Just days before he lost the California’s June primary in the race for a Senate seat, Chuck DeVore also was handed a resounding defeat in federal court over his use of Don Henley’s music in campaign Web video. He faced a hefty judgment — a figure Henley’s legal team once put at more than $1 million — for video song parodies that the court said infringed on the copyrights to “Boys of Summer” and “All She Wants to Do is Dance.”
On Thursday, Henley and DeVore announced a settlement for an undisclosed amount — as well as an apology to the singer and two songwriters.
DeVore and a campaign aide, Justin Hart, both of whom were defendants in the case, issued this statement:
“We apologize for using the musical works of Don Henley, Mike Campbell and Danny Kortchmar without respect for their rights under copyright law,” they said. “The court’s ruling in this case confirms that political candidates, regardless of affiliation, should seek appropriate license authority before they use copyrighted works.
“Further, we regret all inaccurate, derogatory or disparaging remarks made about Mr.
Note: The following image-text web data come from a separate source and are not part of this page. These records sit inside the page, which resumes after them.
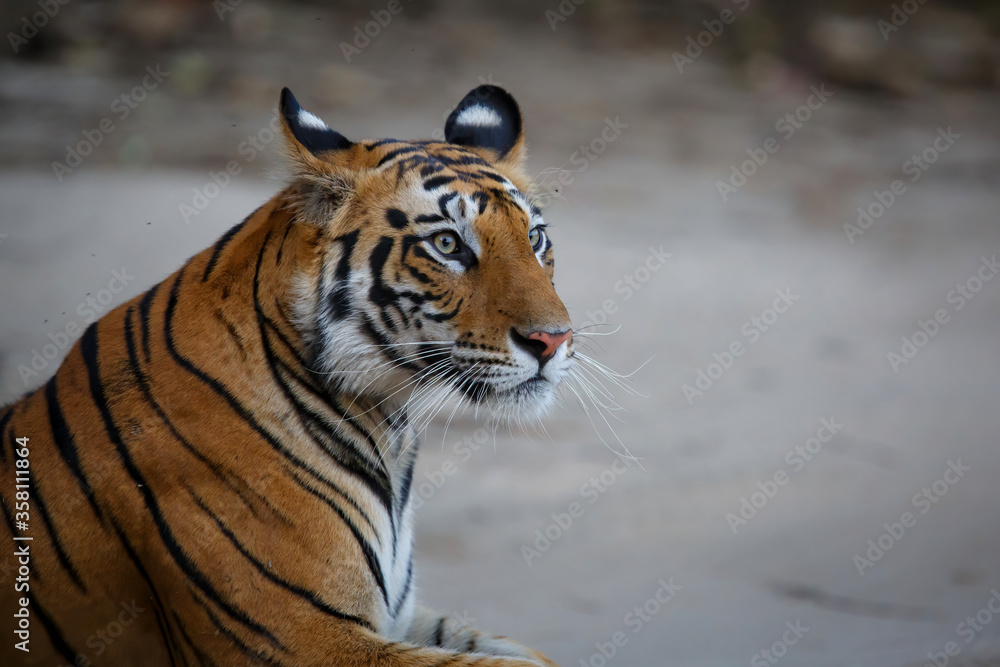 Obraz premium Portrait of a young female tiger resting in Bandhavgarh National Park in India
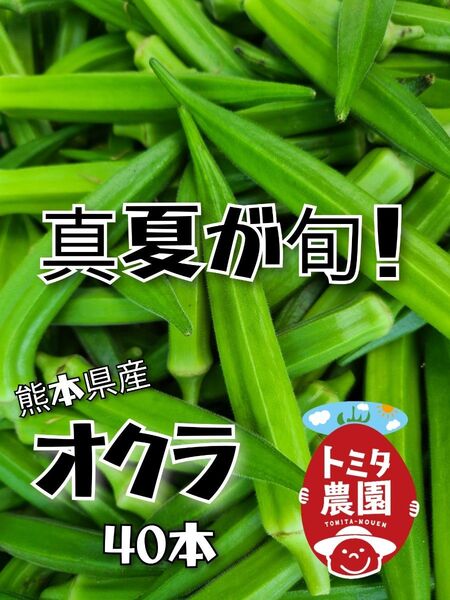 熊本県産オクラ40本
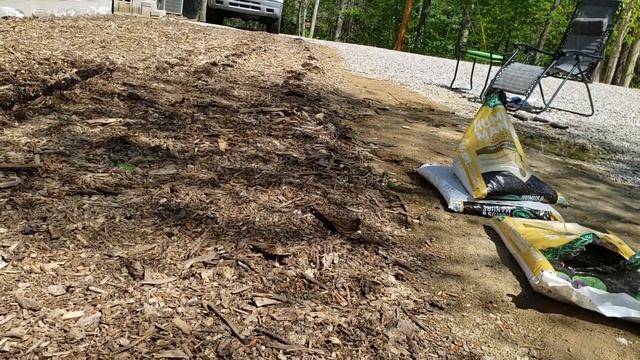 No Dig Potato Planting With Woodchips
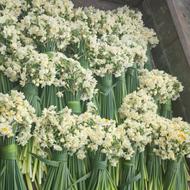 فروش گل نرگس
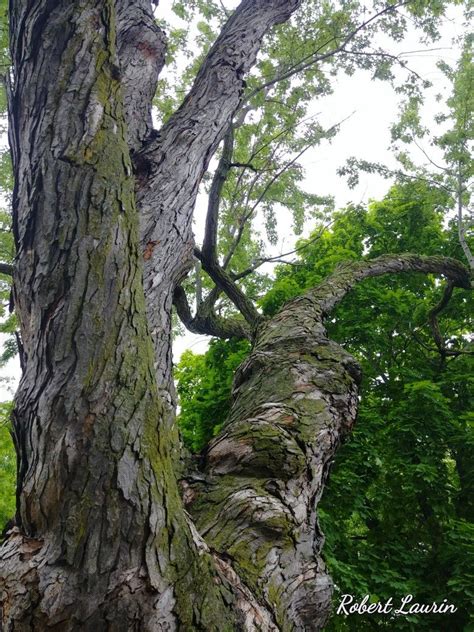 L arbre Mature | Tree, Woodlands, Forest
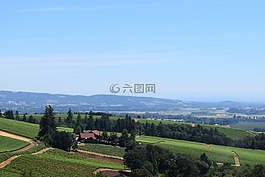 葡萄酒,葡萄園,景觀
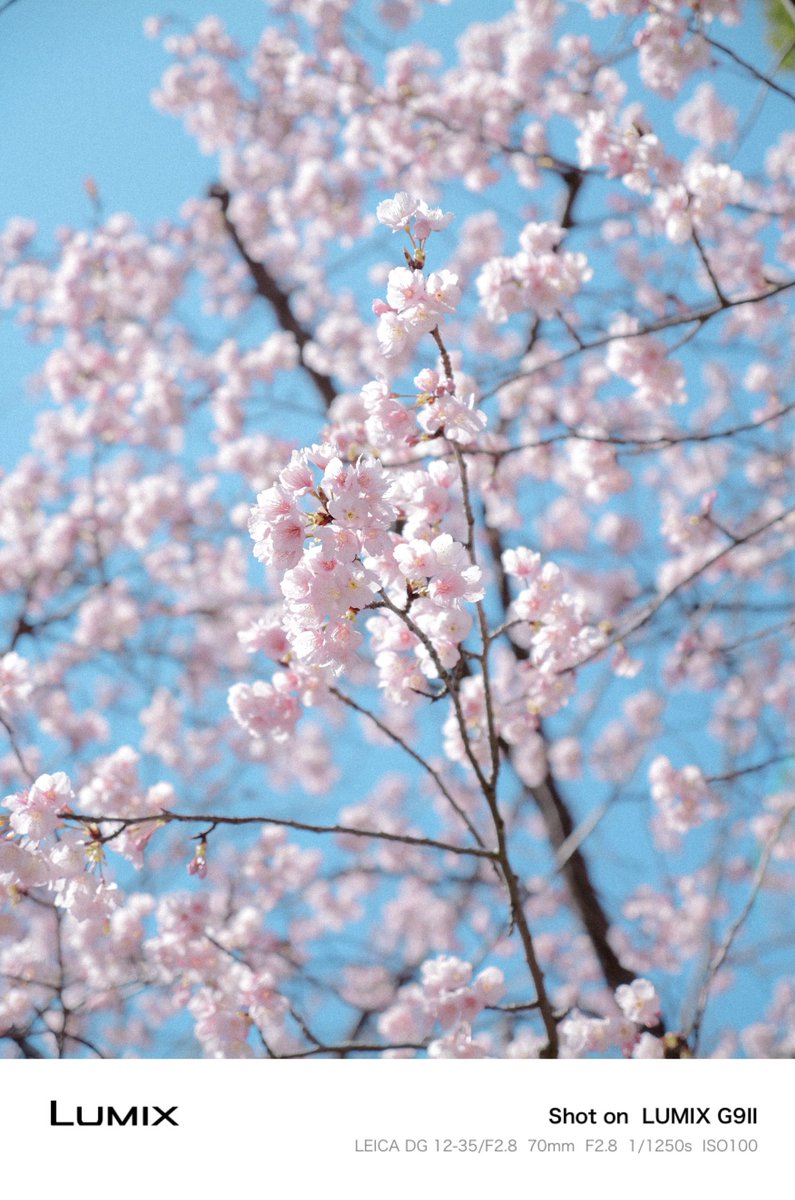 LUMIX JAPAN tweet media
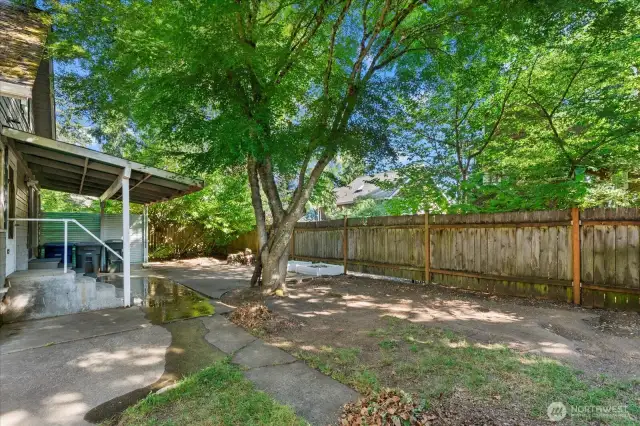 Shaded back yard with a covered patio
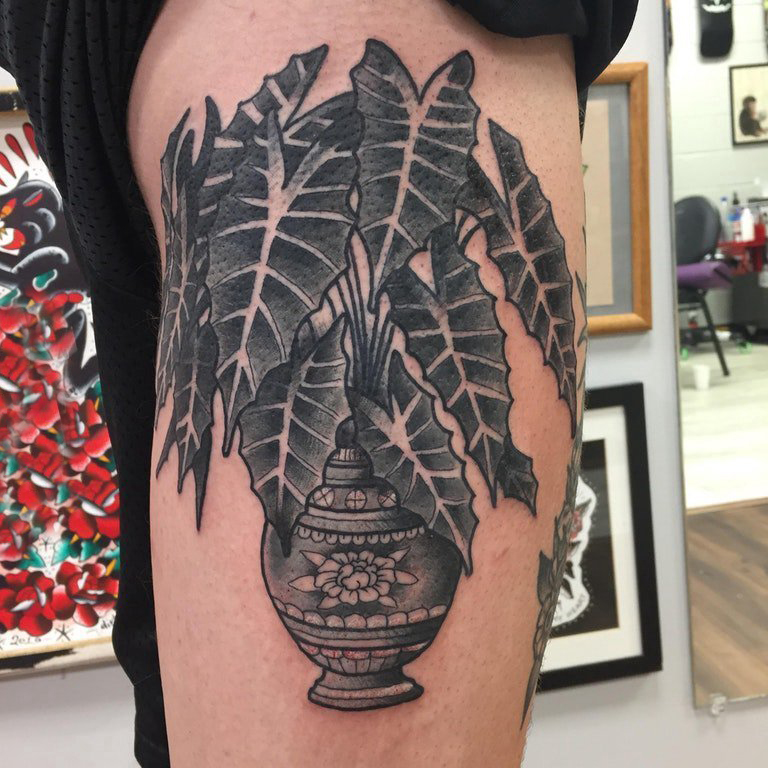 植物纹身  女生大腿上素描的植物纹身图片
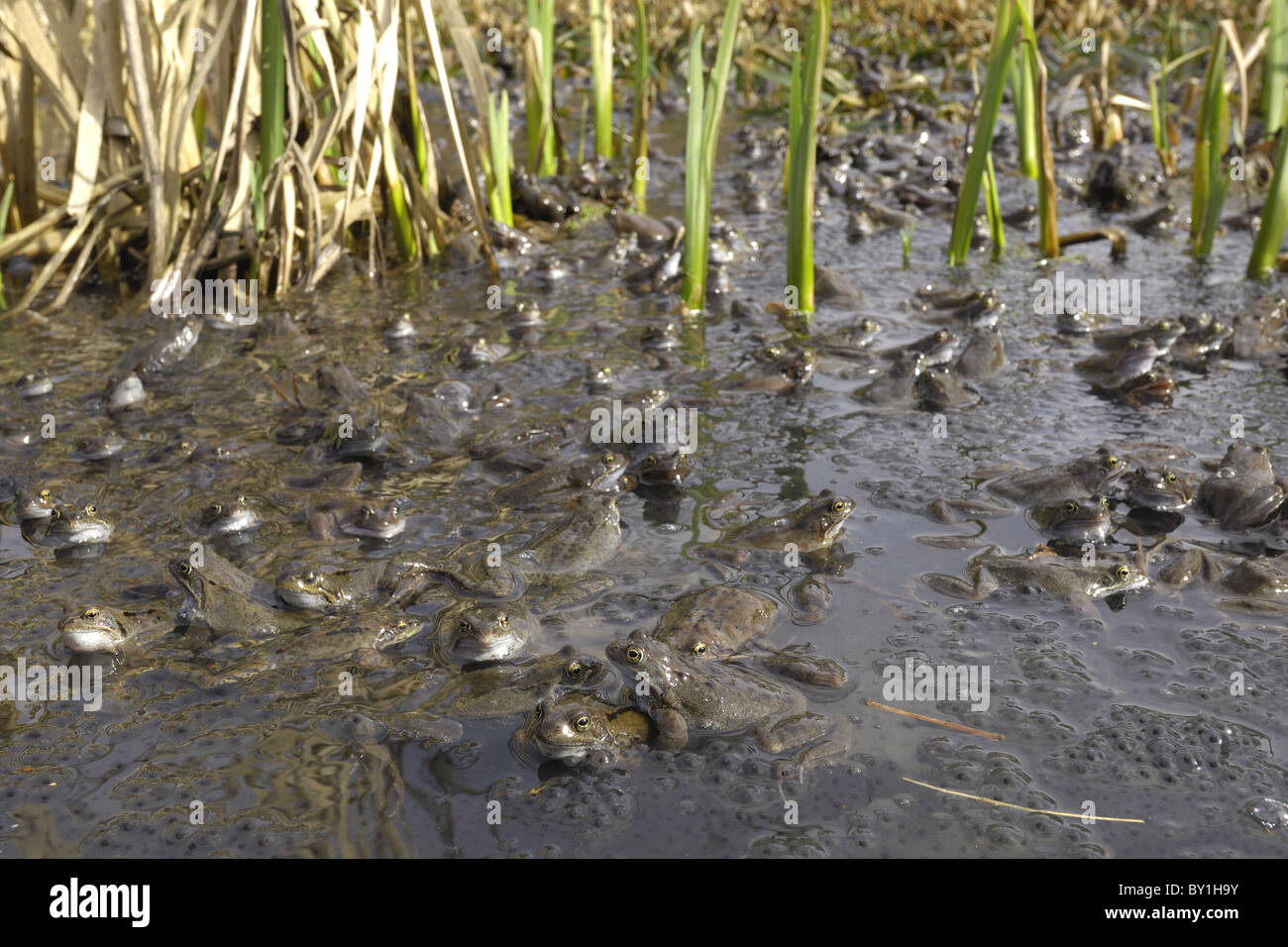 Grasfrosch (Rana Temporaria) im Teich zur Paarung treffen Stockfoto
Henley during the course of this dispute.”
Henley said, “My colleagues and I brought this lawsuit to protect our music from being taken and used, without permission, to promote someone else’s agenda. It was not a question of political ideology, but the right of artists to control the use of the works they create, and protect their livelihoods.”
In an interview with the blog Campaigns and Copyrights, Henley said that his pursuit of legal action was not politically motivated, noting that he has objected to Democratic candidates using his music as well.
He told the site, “I’m vehemently opposed to it. Not because I don’t like parodies or
satires of my work. But it’s simply a violation of U.S. copyright law.”
“People in my age group generally don’t like it. Songs are
difficult to write; some of them take years to write. To have them used
as toys or playthings is frustrating.”